**Description of the task:**
Every line below from the one with "Cerave Itch Relief Moisturizing Lotion" through the one with "Mother Steve An" should be retyped exactly, both ends included; no other lines and no pictures.

**Input records:**

★ ★ ★ ★

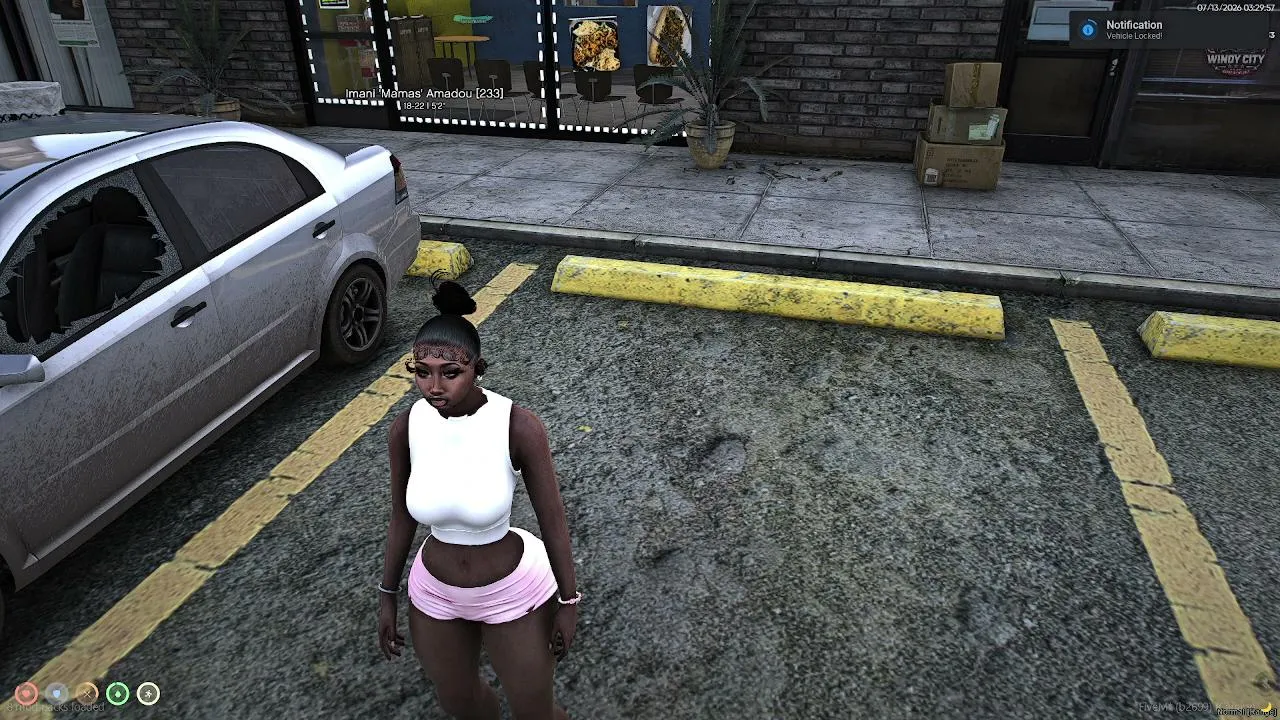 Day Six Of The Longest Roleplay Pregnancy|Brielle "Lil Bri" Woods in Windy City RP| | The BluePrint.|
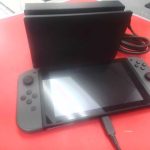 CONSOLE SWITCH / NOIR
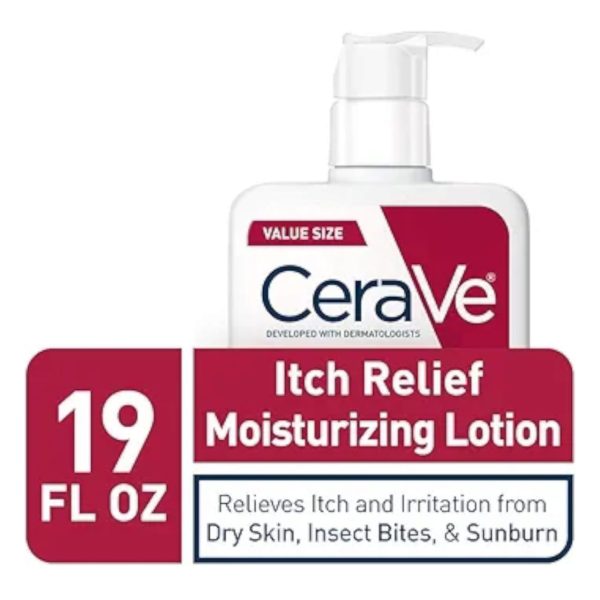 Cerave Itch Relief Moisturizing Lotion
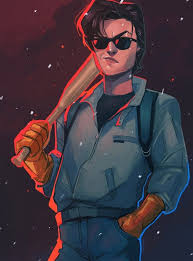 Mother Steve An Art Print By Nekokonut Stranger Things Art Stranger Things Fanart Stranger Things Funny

★ ★ ★ ★

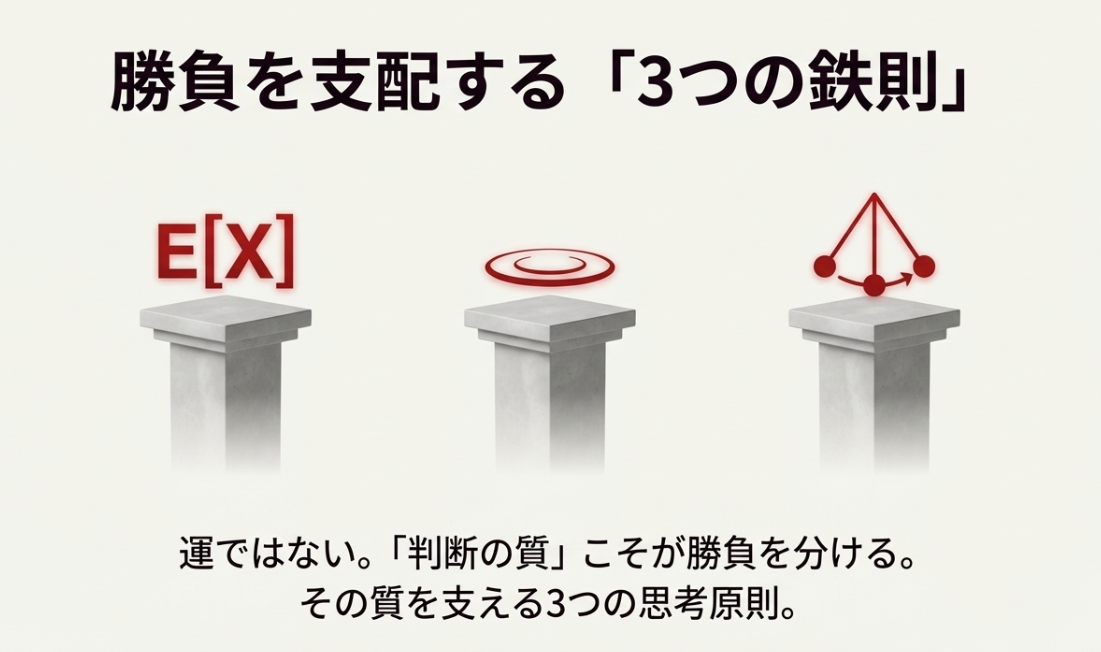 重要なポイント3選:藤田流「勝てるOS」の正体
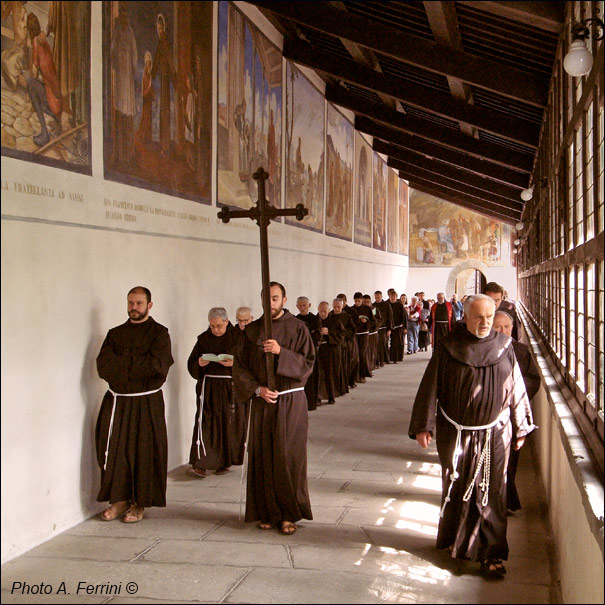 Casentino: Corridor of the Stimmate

★ ★ ★ ★

**Written answer:**
 Cerave Itch Relief Moisturizing Lotion
 Mother Steve An Art Print By Nekokonut Stranger Things Art Stranger Things Fanart Stranger Things Funny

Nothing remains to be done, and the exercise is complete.